A progetto terminato Francesco con quella bicicletta ha imparato l’equilibrio ed è passato dalla balance bike alla bicicletta tradizionale bypassando le classiche rotelle correttive. Io ho passato egregiamente l’esame ed ho reso il progetto disponibile a chiunque (lo trovate qui sul sito). Da allora sono diverse le persone che mi hanno contattato per replicare il progetto e chiedermi qualche consiglio ed alcuni di loro mi hanno inviato le foto della bicicletta finita. Obiettivo raggiunto in pieno mi sono detto.

Ma le soddisfazioni non finiscono qui e qualche tempo fa vengo contattato da un certo KIRIAKOS IOSIFIDIS un greco che ha in mente di pubblicare un libro sulle biciclette di legno più interessanti che ha trovato in giro per il mondo e nel web.

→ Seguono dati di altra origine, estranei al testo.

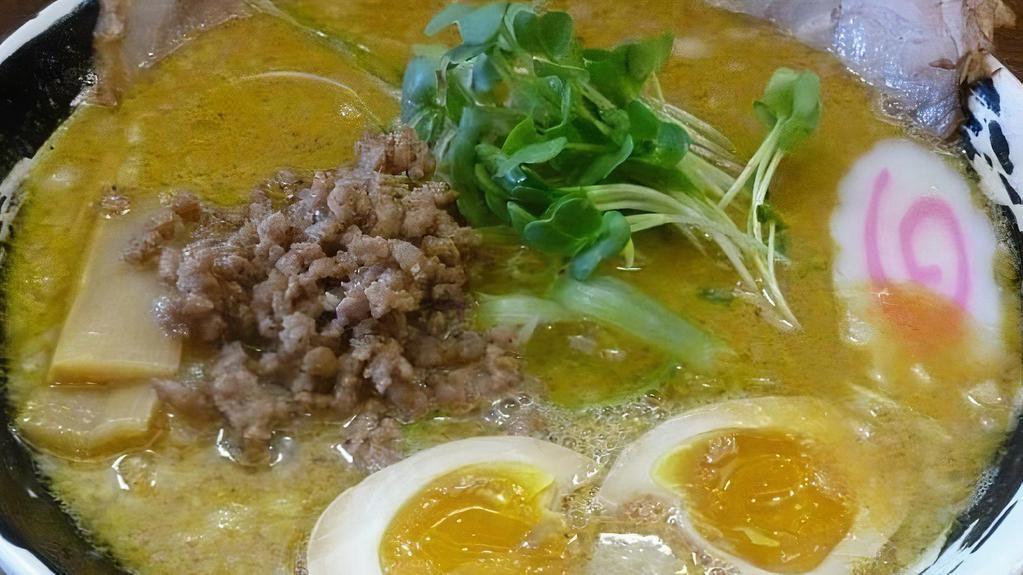 Curry Ramen · Curry soy sauce broth with chashu pork, ground pork, egg, bamboo, kaiware sprouts, naruto fish cake, and green onion.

Vuole inserire il mio progetto che ha visto su Behance nella sezione balance bike.
Ovviamente lo ringrazio, accetto e gli invio il materiale che mi chiede. Dopo qualche mese mi invia la pagina che mi avrebbero dedicato per eventuali correzioni e dopo l’approvazione finale ci salutiamo con la promessa di sentirci a libro pubblicato.

E dopo tanta attesa il libro è arrivato: un tomo di 265 pagine pieno di progetti di una bellezza unica, a pagina 238 nel sezione balance bike c’è DUDE il mio progetto. il libro dal titolo The Wooden Bicycle: Around the World ora è in vendita su Amazon.

Grazie Vittorio, grazie KIRIAKOS IOSIFIDIS.